The scam which was exposed in October last year involved non profit organizations from Minnesota that colluded steal American tax payers money by pretending they were feeding poor children during the Covid 19 pandemic.
The organisations reported serving more meals than they actually did—or completely invented their numbers without ever serving meals—in order to receive federal reimbursement dollars.
The money was then used to buy luxury property across the world including in Kenya where one of the key suspects, Liban Yasin Alishire bought the Karibu Palms Resort in Diani plus apartments in South B, Nairobi.
Alishire, 43, a Kenyan who emigrated to the US has pleaded guilty to taking part in the scam. He had been charged with money laundering and conspiracy to commit wire fraud. In exchange, prosecutors have agreed to drop 16 other counts.
In court, Alishire admitted taking nearly $1.8 million from government child nutrition programs by falsely claiming to have served 870,000 meals over 11 months in 2020 and 2021. He used shell companies to transfer much of the ill-gotten proceeds to himself.
Alishire further admitted that after enrolling in the Federal Child Nutrition Program, he began submitting fraudulent claims for reimbursement for serving meals to hundreds or thousands of children a day. Alishire falsified invoices to document the purchase of food, and the preparation and submitting of falsified attendance rosters purporting to document the names of children who received meals.
Alishire also operated a distribution company, Ace Distribution Services, that purported to provide meals to be served to children at the Community Enhancement Services site.
In total, Community Enhancement Services claimed to have served over 800,000 meals between February and October 2021, and Lake Street Kitchen claimed to have served over 70,000 meals between December 2020 and April 2021. In reality, Community Enhancement Services and Lake Street Kitchen served a fraction of the meal amounts claimed.

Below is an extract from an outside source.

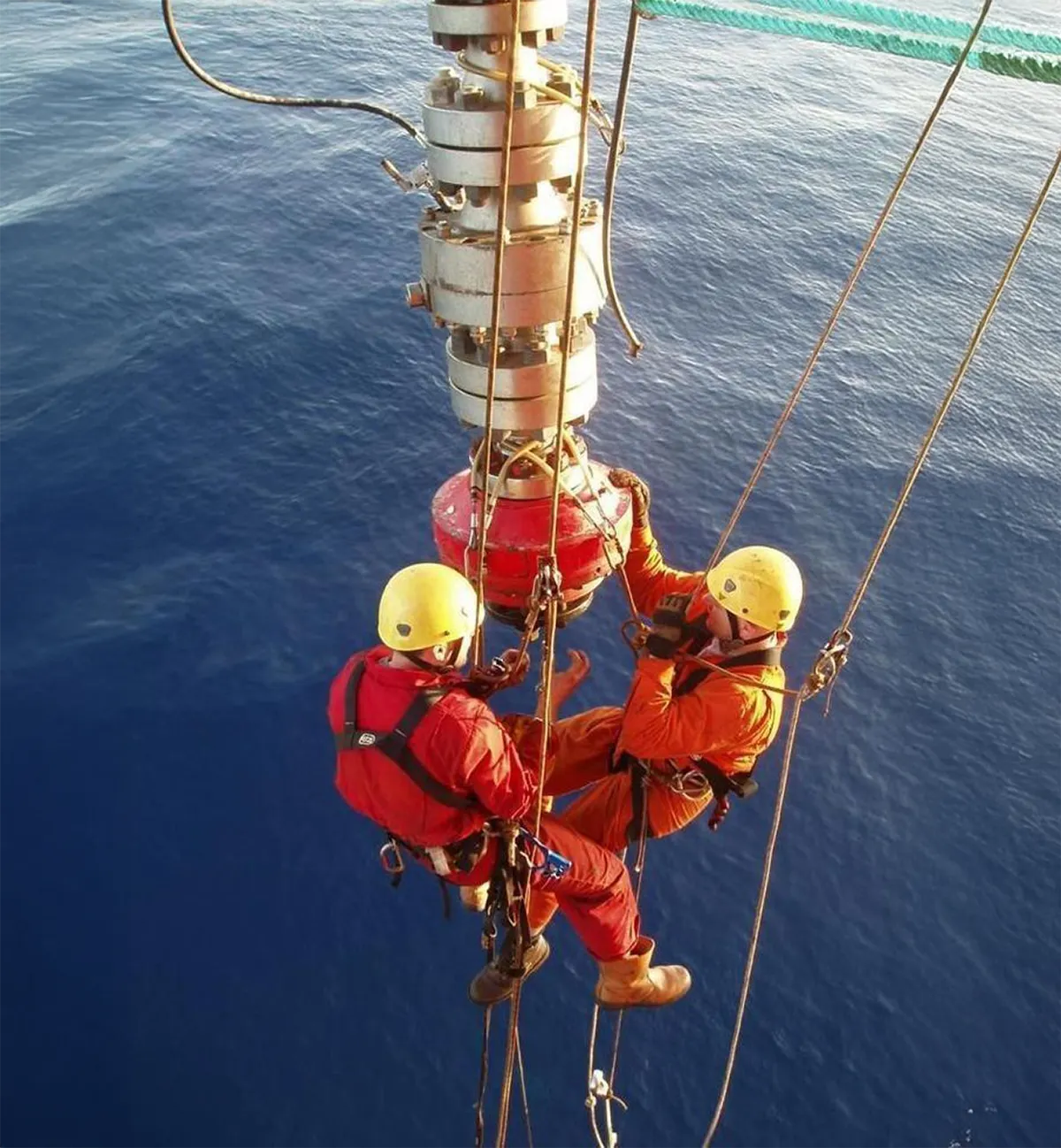 Offshore werk op hoogte met rope access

Based on the fraudulent claims, Community Enhancement Services and Lake Street Kitchen received more than a million dollars in Federal Child Nutrition Program funds from their sponsor entity, Feeding Our Future. Alishire caused the transfer of much of this money to himself and others via shell companies used to receive and launder the proceeds of the fraud scheme.
According to court documents, Hoodo Properties was one such shell company Alishire controlled and used to launder proceeds from the fraud scheme. On or about November 22, 2021, Alishire conducted a wire transfer of $216,300 from Hoodo Properties to Jaafar Jelle & Co. towards the purchase of the Karibu Palms Resort in Diani Beach, Kenya
Alishire is one of 50 defendants charged last year in what Minnesota U.S. Attorney Andy Luger called a “brazen scheme of staggering proportions” to defraud two meal programs operated by the U.S. Department of Agriculture and administered on the state level by the Minnesota Department of Education.
Alishire is the sixth defendant in the case to admit his role in the conspiracy. U.S. District Judge Nancy Brasel told Alishire that if she orders consecutive sentences for each count, he could face up to 15 years in prison. But defense attorneys and prosecutors agreed that he should serve between 41 and 51 months.
The plea deal requires Alishire to pay $712,084 in restitution and forfeit a boat, trailer, and Ford F150 pickup truck.